CREATE TABLE lake.events (id INT, payload VARIANT);
INSERT INTO lake.events VALUES
(1, {'user': 'alice', 'ts': TIMESTAMP '2024-01-01'}),
(2, {'user': 'bob', 'ts': TIMESTAMP '2024-01-02', 'rand': 'value'});
SELECT *
FROM lake.events
WHERE payload.user = 'bob';
Deletion Vectors
Deletion vectors were introduced in the Iceberg v3 specification. While developing DuckLake we are also striving to keep compatibility with Iceberg at the data level. We therefore have implemented deletion vectors stored as Puffin files. These deletion vectors work in a similar way to delete files (which were already a part of the Iceberg specification).
This feature is experimental and we are planning some improvements for the upcoming DuckLake releases.
CREATE TABLE lake.t (id INTEGER);
CALL lake.set_option('write_deletion_vectors', true, table_name => 't');
INSERT INTO lake.t FROM range(100);
DELETE FROM lake.t WHERE id < 5;
The Future of DuckLake
Even though today we release DuckLake v1.0, the job is not yet done. We will continue releasing new DuckLake spec versions, and here we outline the current plans for DuckLake v1.1 and possible directions for DuckLake v2.0.
DuckLake v1.1
There are two main features planned for DuckLake v1.1, which will require spec changes:
-
Variant Inlining. Currently, variant inlining only works for catalogs that natively support it (e.g., DuckDB). However, if the catalog does not support the Variant type, the table will never be inlined. We will design and implement the necessary specification changes that will allow this.
-
Multi-Deletion Vector Puffin Files. DuckLake v1.0 already supports single deletion vector puffin files, but we want to ensure that, similar to our current partial deletion files, DuckLake can store and read multiple deletion vectors in one file, thereby preserving time travel information while still minimizing the small file problem.
DuckLake v2.0
DuckLake v2.0 is most likely not coming anytime soon, as we will focus on maturing our current feature set and guaranteeing the stability of our spec. Although we have a rough sense of the problems we want to tackle, community needs will also strongly drive our plans, so features may be added or reprioritized over time. Below is a list of the features we currently believe are important for DuckLake v2.0:
- Git-like branching. Allowing users to create branches of their DuckLakes and merge changes between them. Similar to what Git is for code, but for data.

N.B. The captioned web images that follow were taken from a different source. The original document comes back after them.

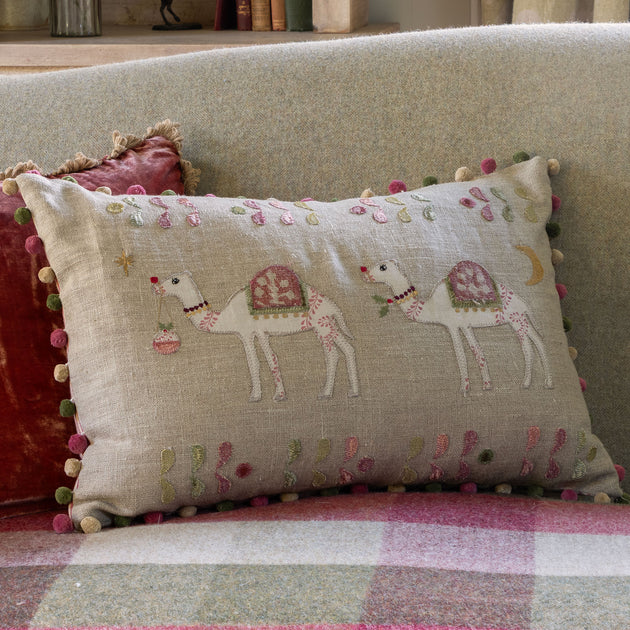 Appliqué Christmas Camel Linen Cushion
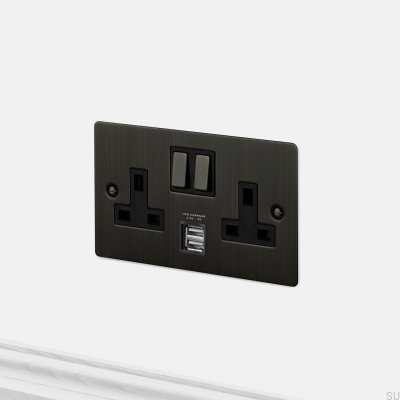 Gniazdo podwójne z USB 3.1A Typ G UK 2G Mosiężne Palony Brąz Standard Brytyjski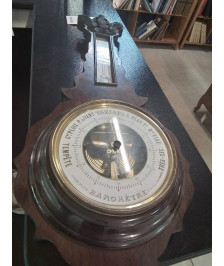 BAROMETRE THERMOMETRE AU MERCURE BOIS MOULURE XIXE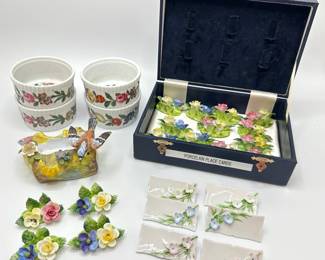 Porcelain Place Cards: 16 Staffordshire Roses & 6 Rectangles, 4 French Floral Ramekins & Bird Ash Tray
Lot #: 101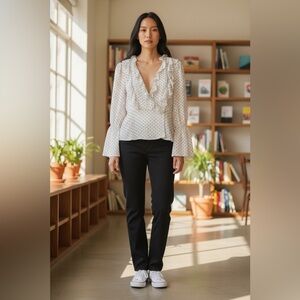 Maison d'Amélie White Blouse with Black Dots Size S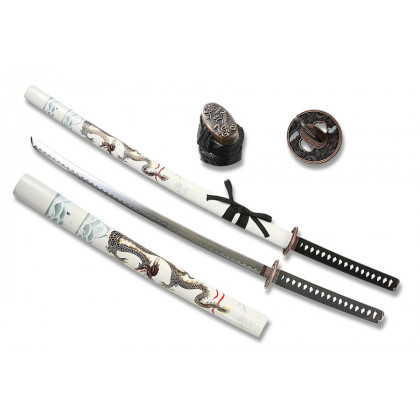 KATANA DRAGON BLANC TRESSAGE NOIR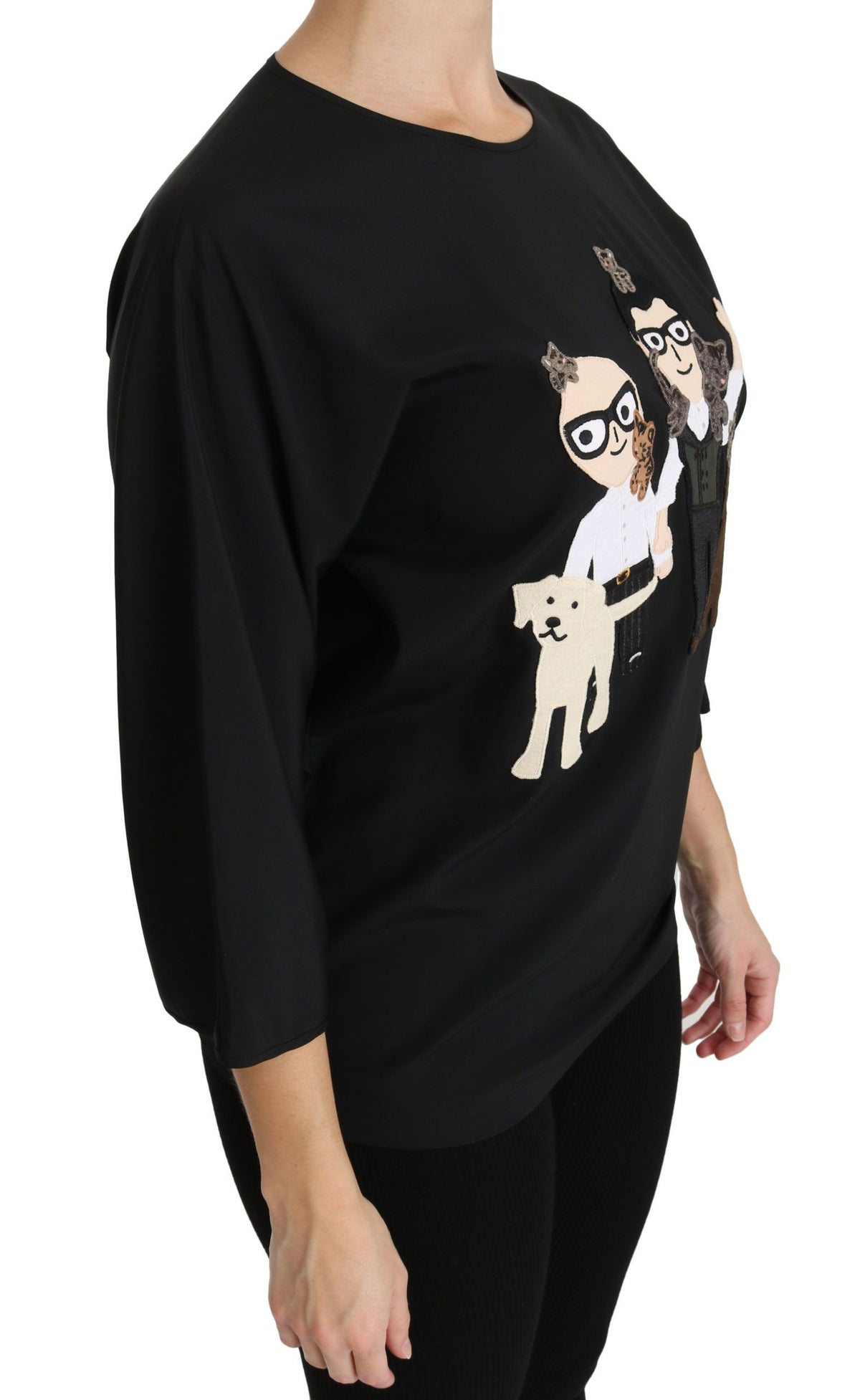 Dolce & Gabbana Schwarzes #dgfamily Top T-shirt Seidenbluse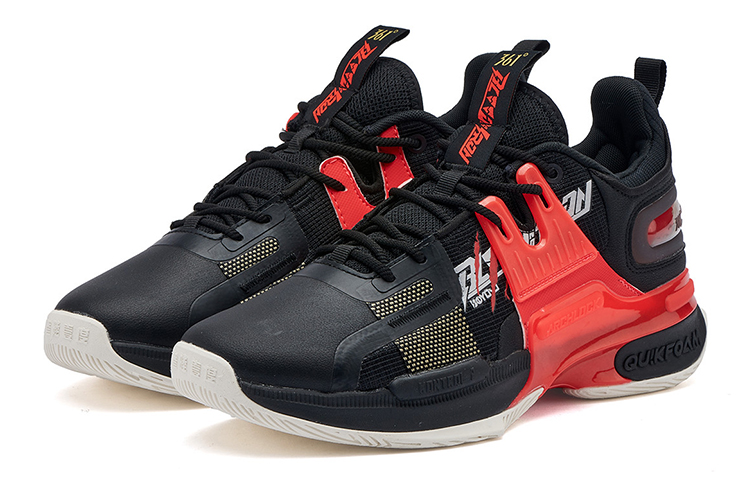 361° Restraint 2 Abrasion Resistant Slip Resistant Low top Performance Basketball Shoes Men’s Black Red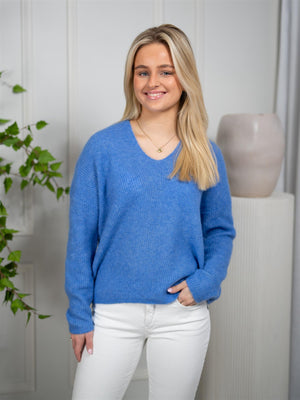 Mmthora V-Neck Knit Ultramarine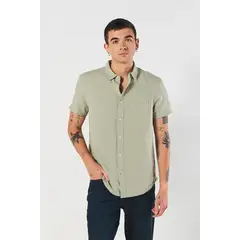 KOAJ - Camisa con cuello sport collar unicolor y botones HOMBRE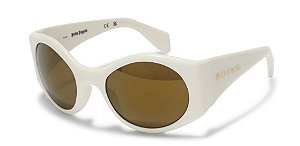 PALM ANGELS - Óculos de Sol Redondo Ennis "Branco/Dourado" -NOVO-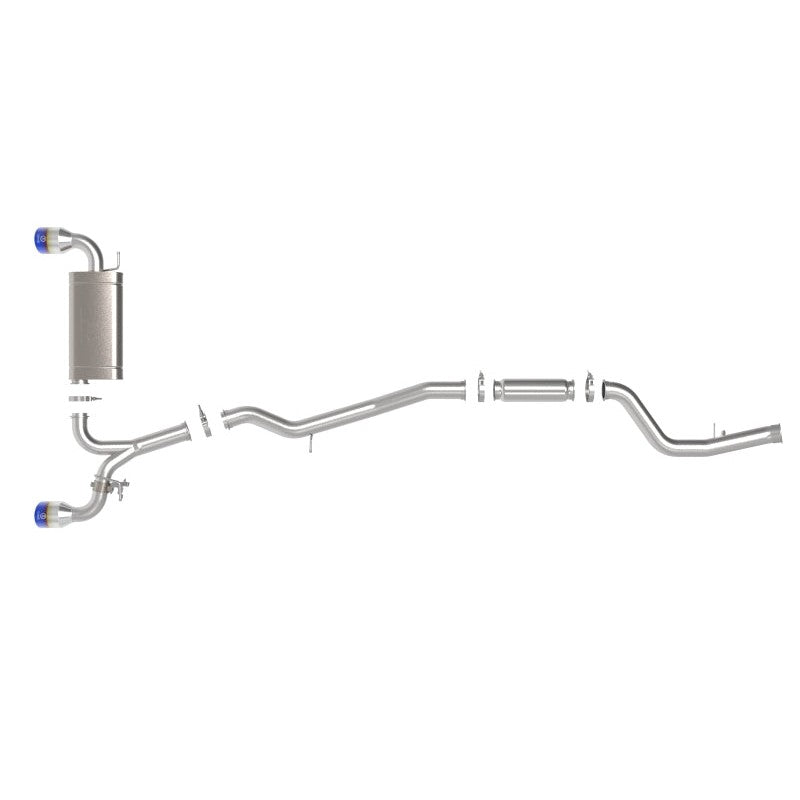 aFe POWER Takeda 2021 Toyota Supra 2.0L (t) 2.5in-3in 304 SS CB Exhaust w/ Blue Tips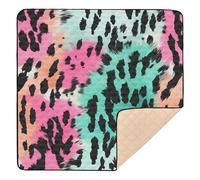 xigua Baby Play Mat - 127 X 127 cm Foldable Waterproof Baby Play Mats for Floor, Colorful Leopard Pattern Soft Foam Crawling Mat for Babies and Toddlers Infants, Machine Washable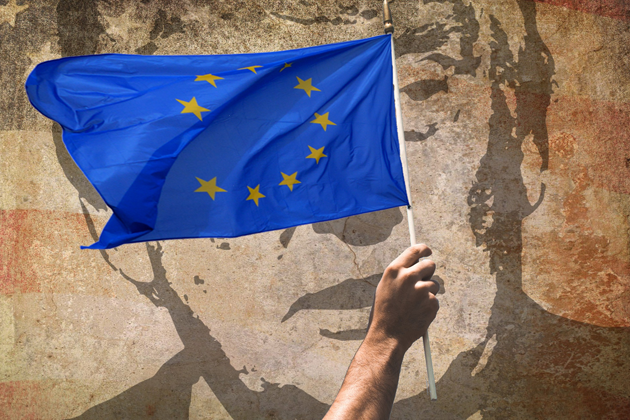 Trump-Bild von Pete Linforth bearbeitet Trump und Europaflagge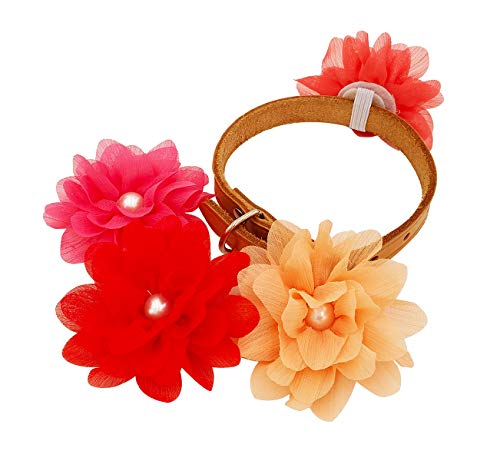 BIPY 4 collares de 8 cm para niñas pequeños y niñas, accesorios de fijación de diapositivas, lazos de flores, colgantes decorativos para disfraces de aseo de mascotas y gatos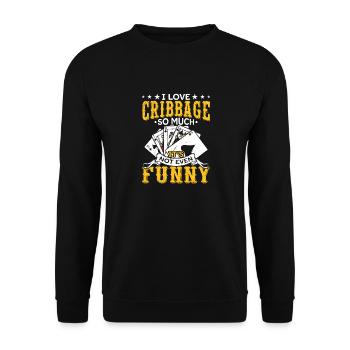 Liebe Cribbage Spieler Casino Kartenspiel Cribbage - Unisex Pullover - Schwarz - Vorne - Alina (178cm) & Michal (187cm)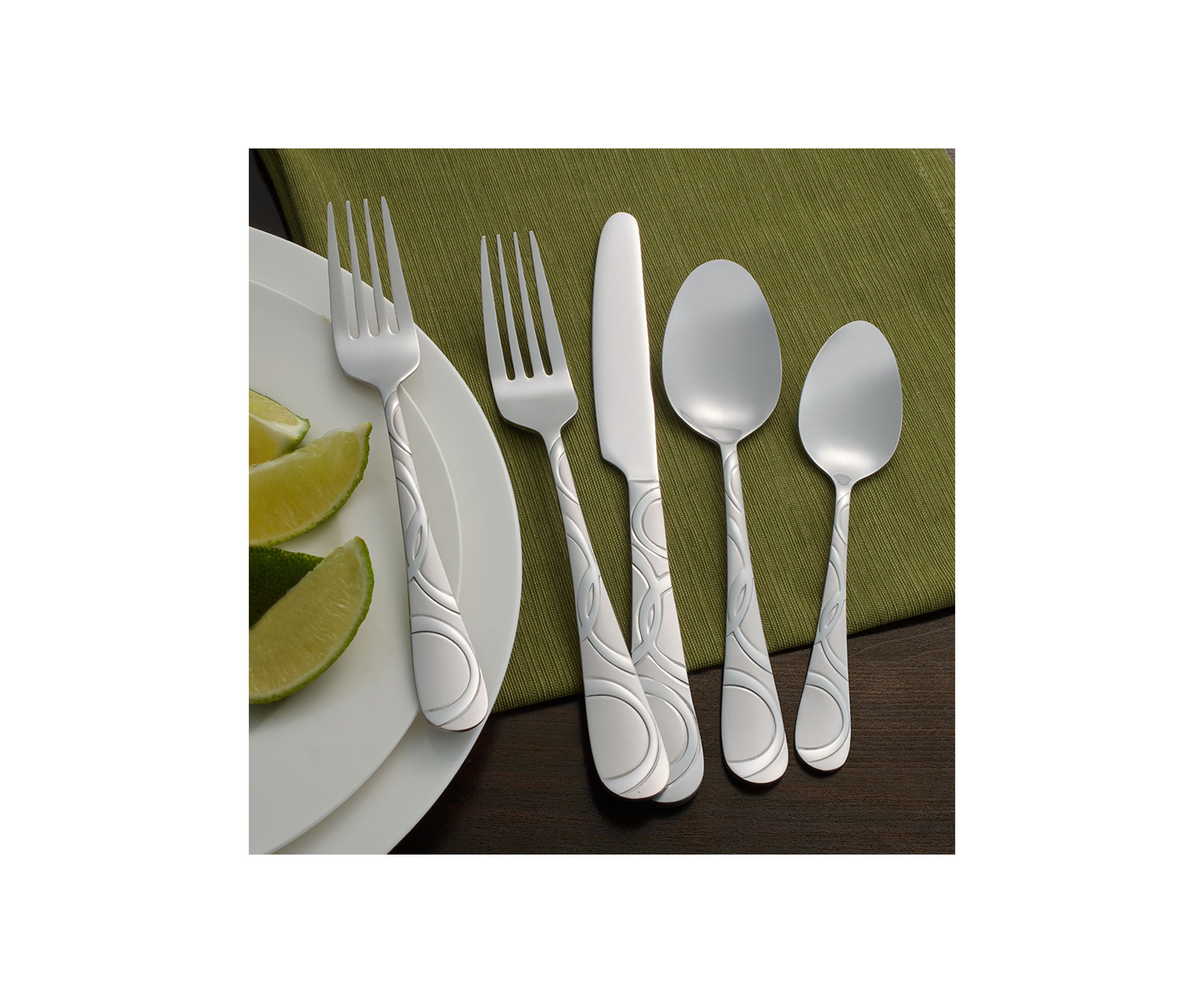 Garland Frost 53-Piece Stainless Steel Flatware Serving Utensil Set and Steak Knives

- Permission-based roles. Defining roles and permissions to control access to DuckLake objects and operations. This is already possible by configuring Postgres and your S3 bucket correctly, but we want to make this easier to manage directly through DuckLake.
- Incremental materialized views. Supporting materialized views that can be refreshed incrementally by applying tracked changes in DuckLake tables, rather than recomputing the full view.
Conclusion
Today we released DuckLake v1.0, a stable specification for DuckLake, alongside the DuckDB ducklake extension compatible with this specification version. We are very happy with the progress that DuckLake has made in just one year, with some great community adoption and a great foundation for future improvements. If you want to hear more from the developers of DuckLake, make sure to check out our podcast episode on DuckLake v1.0:
Appendix
This is all of the work that has gone into DuckLake since the v1.0 target was set; both from the community and the DuckDB Labs team. In this appendix we are listing 108 PRs that have been merged since the end of 2025. We have classified them so as to convey that the focus has always been making DuckLake stable and production ready, with 68 PRs merged focused on reliability and correctness, 12 focused on internal refactoring to lay the foundation for future developments and another 12 focused on performance improvements.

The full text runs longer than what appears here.